Still, the fact was that after 47 years in the E.U., Britain was officially out, and there was no going back, at least not in the foreseeable future. For many Britons, the long and bitter debate had been less about economics and politics than about identity. Those who fought to leave the E.U. fought for what they saw as lost sovereignty, often tinged with a sense of lost empire; those who fought to stay saw the Union as post-imperial Britain’s place in the future, joined with the rest of Europe in values, standards and security. In the end, after nearly three years of uncertainty and bitterness, voters elected Mr. Johnson out of exhaustion, to get it over with, not because they had reached agreement.

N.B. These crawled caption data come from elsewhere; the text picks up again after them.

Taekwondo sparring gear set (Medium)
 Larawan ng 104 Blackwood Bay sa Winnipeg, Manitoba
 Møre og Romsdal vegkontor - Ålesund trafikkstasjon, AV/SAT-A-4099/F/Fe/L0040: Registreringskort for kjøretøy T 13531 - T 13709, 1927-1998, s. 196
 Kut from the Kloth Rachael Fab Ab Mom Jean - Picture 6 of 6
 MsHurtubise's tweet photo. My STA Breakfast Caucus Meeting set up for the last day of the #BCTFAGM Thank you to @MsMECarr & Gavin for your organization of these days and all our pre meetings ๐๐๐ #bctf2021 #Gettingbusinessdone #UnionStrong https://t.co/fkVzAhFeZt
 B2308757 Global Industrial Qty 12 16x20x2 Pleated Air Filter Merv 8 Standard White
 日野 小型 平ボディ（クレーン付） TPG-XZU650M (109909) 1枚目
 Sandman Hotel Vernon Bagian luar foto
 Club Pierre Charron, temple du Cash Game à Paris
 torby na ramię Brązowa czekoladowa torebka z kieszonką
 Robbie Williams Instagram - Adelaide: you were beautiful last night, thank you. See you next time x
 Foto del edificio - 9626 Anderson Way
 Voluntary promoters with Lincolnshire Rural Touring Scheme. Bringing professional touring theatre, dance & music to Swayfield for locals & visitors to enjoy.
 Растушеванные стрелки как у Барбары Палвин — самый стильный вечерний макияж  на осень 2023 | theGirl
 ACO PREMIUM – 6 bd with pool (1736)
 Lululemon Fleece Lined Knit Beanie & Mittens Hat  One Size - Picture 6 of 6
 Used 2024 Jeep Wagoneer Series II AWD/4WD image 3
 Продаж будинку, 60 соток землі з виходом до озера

Headlines reflected the divide. Pro-Brexit tabloids joined in gleeful celebration: “OUR TIME HAS COME,” proclaimed The Sun, offering a “free giant Brexit poster”; “YES, WE DID IT!” cheered The Daily Express in what it described as a historic edition; “Free and independent once more after 47 years,” declared The Daily Mail over a photograph of the white cliffs of Dover. Those same cliffs featured on the cover of The Guardian, a strong advocate of staying in the E.U., over a crumbling sand castle surmounted by a tiny British flag. The headline: “Small island.”
Trying to reconcile these divergent worldviews will be the main task of coming years, as Mr. Johnson appeared to recognize when he declared in a speech to the nation Friday evening: “Our job as the government, my job, is to bring this country together now and take us forward. … This is not an end but a beginning.”
For the moment, what “forward” meant remained unclear. For at least the coming years not much would change in economic, trade and practical terms, but many potential battles loomed over the shape of the future relationship with Europe, America and the rest of the world.
Perhaps in paraphrasing Winston Churchill on whether the moment was an end or a beginning, Mr. Johnson would have done better to use his predecessor’s entire quote, that one about a military campaign 78 years ago: “Now this is not the end. It is not even the beginning of the end. But it is, perhaps, the end of the beginning.”